A primeira vez que ouvi falar do “Duende” foi na Palestra da Lucy Linck, no “I Encontro Ventre Poa/RS”. Achei tão interessante que resolvi dar uma pesquisada no assunto e agora compartilho com vocês do Aerith Tribal Fusion Blog! Espero que gostem!

"Tero Duende" é uma expressão bastante conhecida no universo do Flamenco. O conceito foi utilizado pela primeira vez em 1922, por Federico Garcia Lorca, no texto “Juego y Teoríadel Duende”. Esta expressão, originalmente, fazia referência apenas à arte andaluza. Hoje, porém, ela já caracteriza outras formas de arte.

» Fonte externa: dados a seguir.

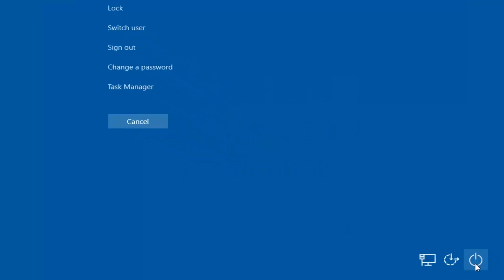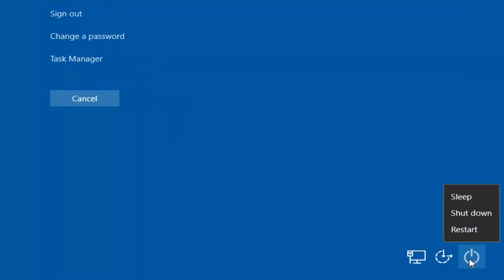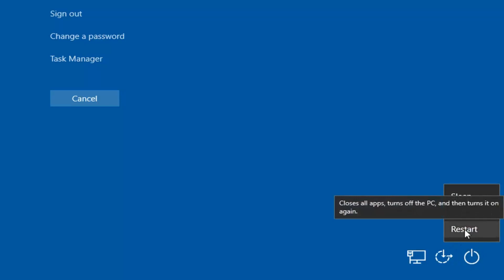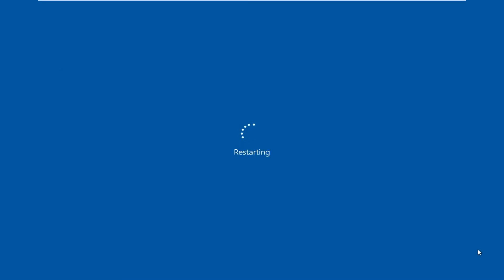Down in the bottom right corner, there should be a little power button. If you left-click on that, there should be an option to restart. If you hover over it, it says closes all apps, turns off the PC, and then turns it on again. Just left-click on that and your computer or device will begin to restart.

“O Duende”seria um“espírito de evocação”,um estado elevado de emoção, expressão e autenticidade. Ter o duende é semelhante a ter alma.


O duende vem de dentro como uma resposta física/emocional do artista. É o que causa calafrios, aquilo que faz sorrir ou chorar como uma reação corporal para uma performance artística que é particularmente expressiva. O duende é um “fazer arrebatar”, é a alma e a essência da arte.

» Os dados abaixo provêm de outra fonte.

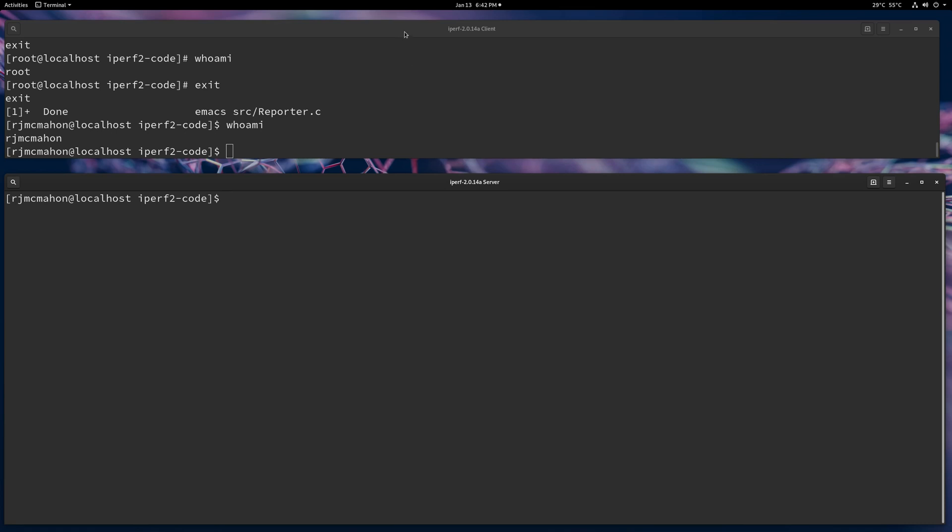In this video, I'm going to go over iPerf 2.014's End-to-End Latency Capabilities with UDP.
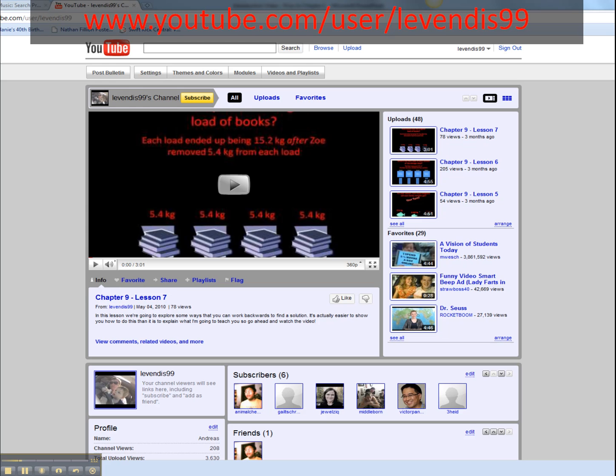You can go to my YouTube page at youtube.com/user/lavendis99. This is an L here, okay? Not a 1.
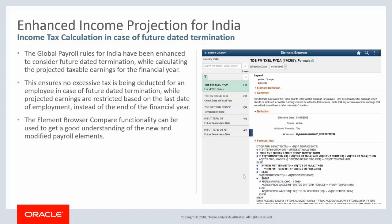The Global Payroll Rules for India have been enhanced to consider future dated termination while calculating the projected taxable earnings for the financial year. This ensures that no excessive tax is deducted for an employee in case of future dated termination, while projected earnings are restricted based on the last date of employment instead of the end of the financial year.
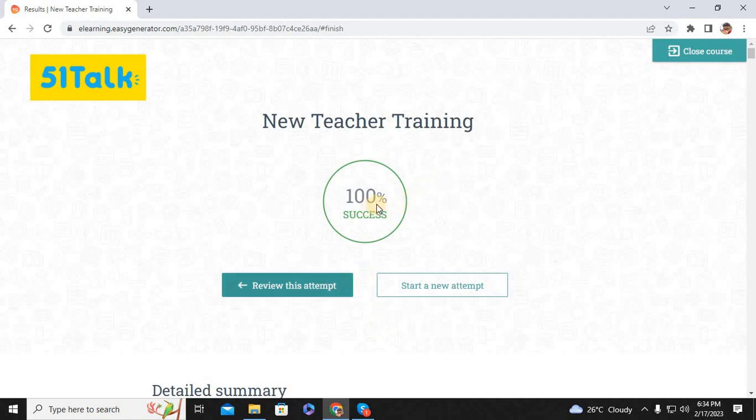Thank you guys! Don't forget to subscribe and share this video with your friends and family. I'll upload Part 2 of this tutorial for the NTT self-course. Make sure you click the notification bell so you'll be updated with my latest uploads. Bye for now, I hope this video helps!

O poeta alemão, Johann Wolfgang Von Goethe definiu o duende como um poder misterioso que todos sentem e nenhum filósofo explica.

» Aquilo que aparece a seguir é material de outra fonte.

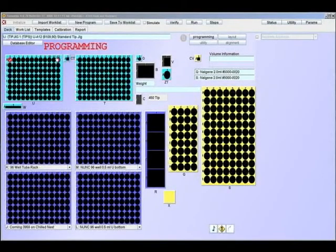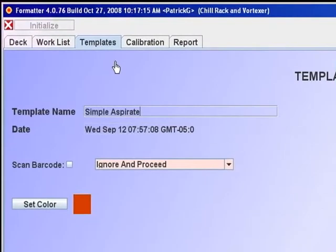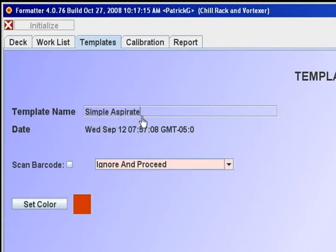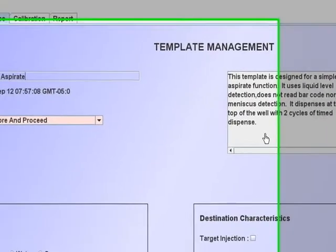The formatter templates control the mechanics of pipetting. The pipetting volume comes from the limbs. Each template has a recallable name and the date it was created. A description may be completed for the convenience of others using the program.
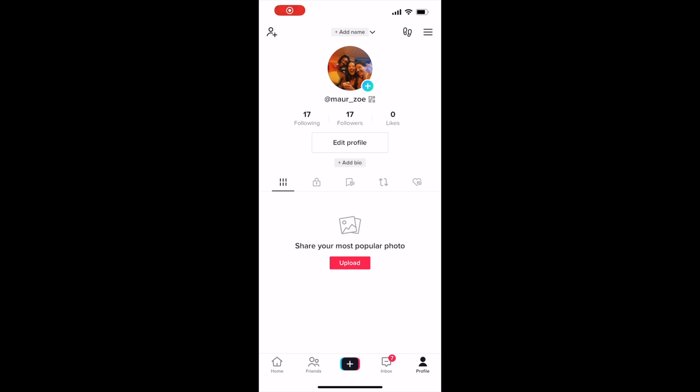Welcome to using TikTok for social media marketing. We're going to start with the profile page, which basically shows your profile image, your username, your following count, your followers, and how many likes you have.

O duende é um dom, essência pura que brota da alma do artista. Você não pode domesticá-lo ou controla-lo. O duende nasce sozinho. Você tem ou não tem.



Para Nick Cave, Lorca tenta lançar alguma luz sobre a tristeza estranha e inexplicável que vive no coração de certas obras de arte ("Tudo o que tem de som escuro tem duende") Para Nick, BobDylan, Leonard Cohen, Van Morrison, Tom Waits e Neil Young podem invocar o duende. De acordo com o músico, o duende é demasiado frágil para sobreviver à brutalidade da tecnologia e da crescente aceleração da indústria da música. Para ele talvez não haja dinheiro na tristeza; não existem dólares no duende. “A Melancolia odeia a pressa e flutua em silêncio.”

Todas as canções de amor devem conter duende. Para criar uma canção de amor é necessário não estar realmente feliz. Em primeiro lugar, é necessário abraçar o potencial da dor. A canção de amor deve entrar em ressonância com o sussurro de tristeza e luto.
O escritor que se recusa a explorar as regiões mais escuras do coração nunca vai ser capaz de escrever de forma convincente sobre a maravilha, a magia e a alegria do amor, pois dentro do tecido da canção de amor, dentro de sua melodia, de sua letra, deve-se perceber um reconhecimento da sua capacidade de sofrimento.

Selecionei alguns trechos do texto “Teoria e Prática do Duende” de García Lorca, mas sugiro à todos que leiam todo o material se tiverem interesse no assunto, pois é maravilhoso.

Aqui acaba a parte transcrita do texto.